And by the same token, set some standards for the work you do want to take on. This could be documents you translate that align with something you believe in, or projects you receive from an organization you truly admire. Of course, there will likely be exceptions to this standard, as it's nearly impossible to always have projects in the pipeline from organizations you strongly value. Impossible? No, of course not. But probably unlikely until you build up a strong set of regular clients you truly value.

  • Minimum rate requirements

This one may seem obvious, but it should be one of the top priorities on your list of standards. If you haven't already set the standard to only take on projects that meet your ideal minimum rates, it might be time to do that. Of course, just like any of these standards, you may need to make an exception from time to time. The key is to be aware of making the exception and to always try to return the standard for the majority of your work.

  • Rush jobs and fees

    I know some translators who simply do not take on rush jobs. If your lifestyle is such that rush jobs are something of the past, then it might be one of your standards to never take on a rush job.
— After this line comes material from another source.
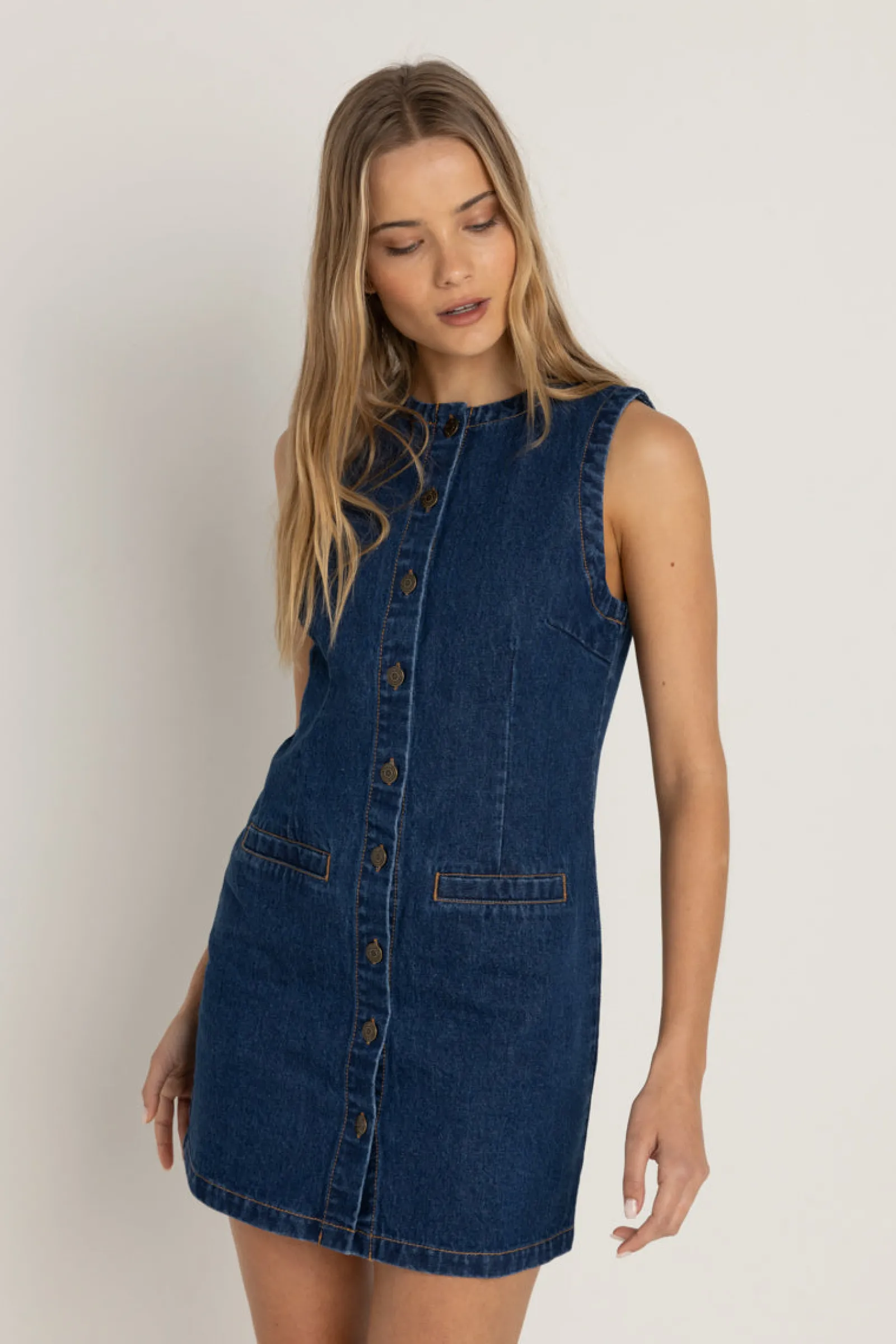 Rhythm Livin Gia Denim Dress Blue Wash-Women Dresses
Or, if you're okay with taking on the occasional rush job, you could go ahead and set a rush fee for your freelance business and hold yourself to charging that fee every time, no matter how attractive the project that lands in your inbox. It's important to know these numbers before the request is made by a client so that you are prepared.

  • Payment terms

    Go ahead and decide what you find to be an acceptable amount of time for a client to settle an invoice. Your payment terms should be set before you take on a project, but they also shouldn't be different for every client. Yes, some clients may not budge when it comes to payment terms, but trying to get all your clients on the same page as far as when they pay you is key to maintaining cash flow. If you aren't happy with a client's payment terms, it might be time to have a conversation with them and be ready to move on if they are not willing to meet you in the middle.
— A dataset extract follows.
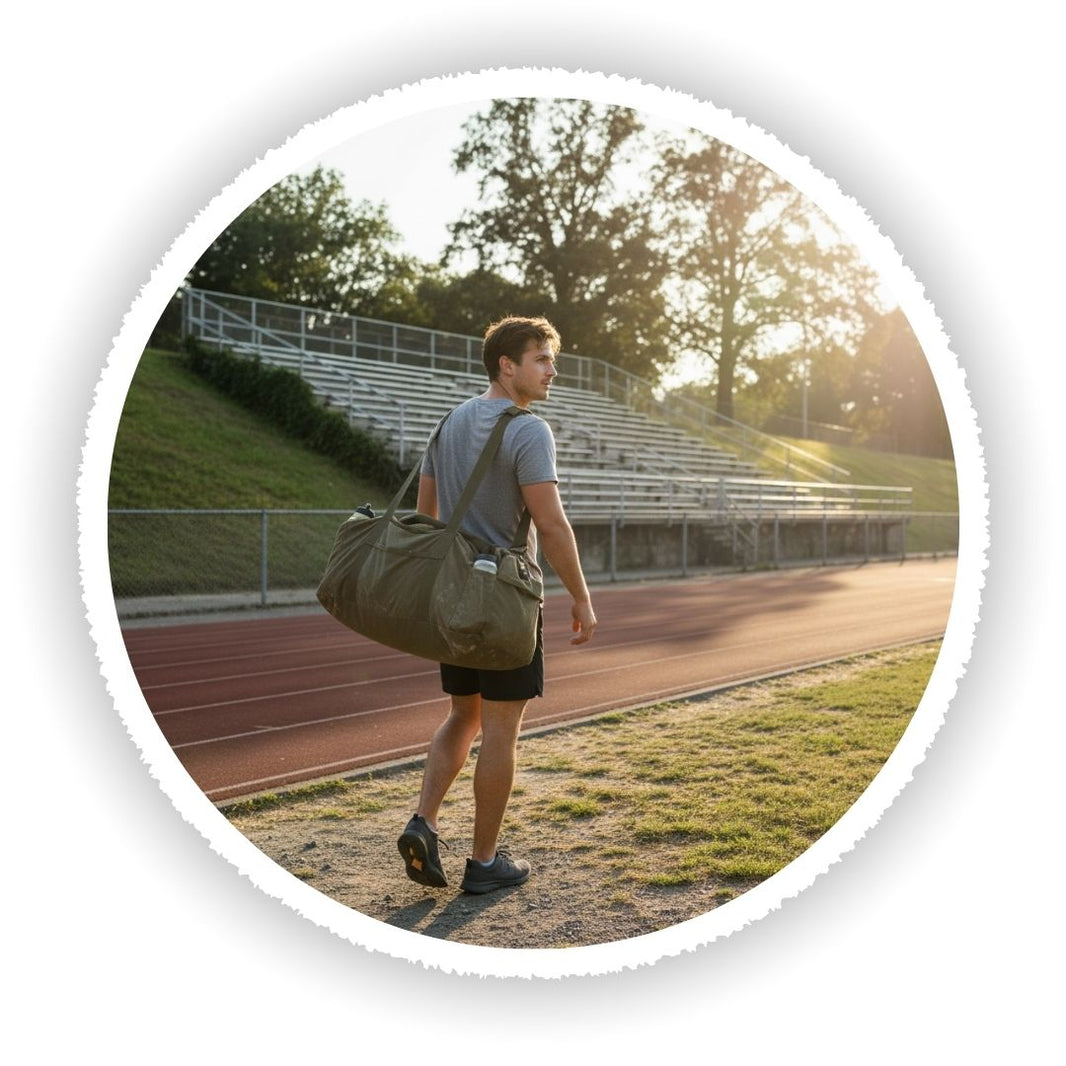 Man walking on a track with a green duffel bag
  • Other qualifying methods for clients

Everyone has their own preferences when it comes to the types of clients they prefer to work with on a regular basis. Sit down and make a brief list of the the ways in which you qualify a client. If you find that a pattern comes up in this process, you may want to set a standard for your freelance business with regard to what makes a client ideal for you and vice versa. You should also determine what "disqualifies" a client from working with you. This is much easier than it sounds. Just stick to what you value as a business owner and freelancer, and remember that the goal is to have a long-term working relationship with your clients.


Once you have a list of business standards, review them from time to time in order to see how well you're sticking to them and whether you need to readjust any. As Ed puts it, "The purpose of your list of standards isn’t 100% compliance. The purpose is to have an objective measure for making good decisions."
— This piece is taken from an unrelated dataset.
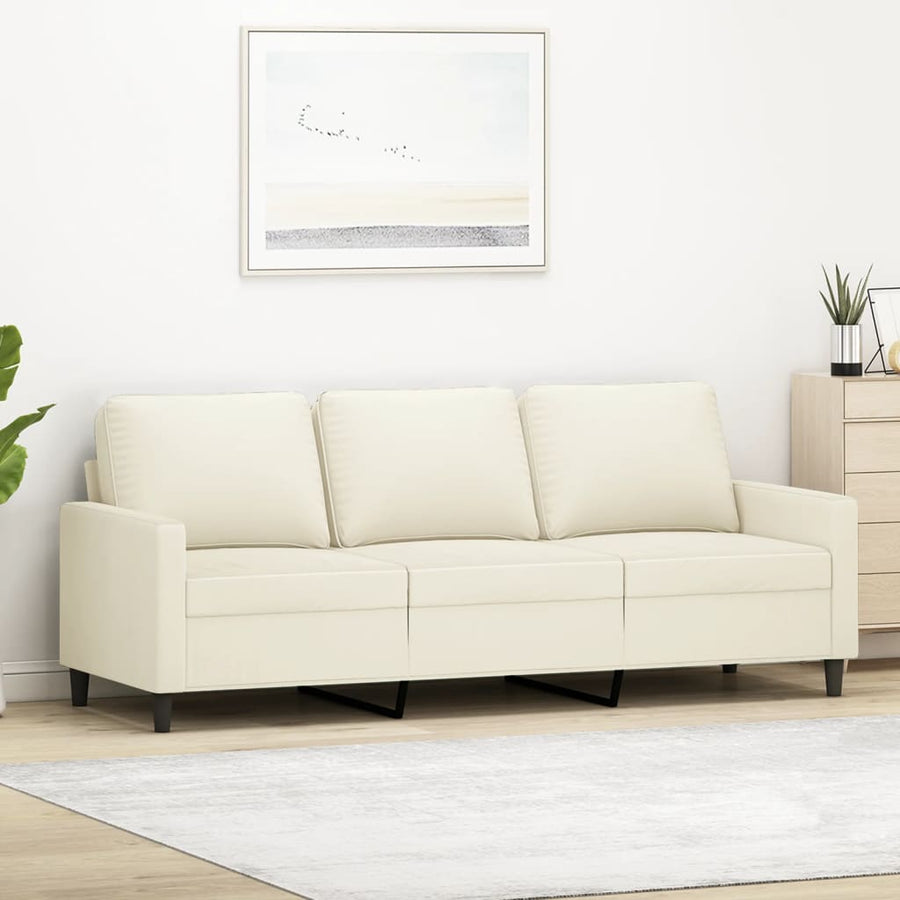 Driezitsbank Fluweel Kleurig 180 cm Crème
The best we can do is to hope we take on clients by making good decisions and choosing them carefully. But the truth is, we cannot always control who reaches out to us with a new project or when we will have those inevitable periods of famine in our work. This is when you may make an exception to a standard you've set for your freelance business.

If you do make exceptions, at least take a moment to stop and recognize why you're making them. Is this a one-time exception, or is it becoming a habit? Does the standard still reflect the values you have in your business and what you want to get out of it? As long as you do so intentionally, you can feel confident in the fact that you won't make the exception your norm.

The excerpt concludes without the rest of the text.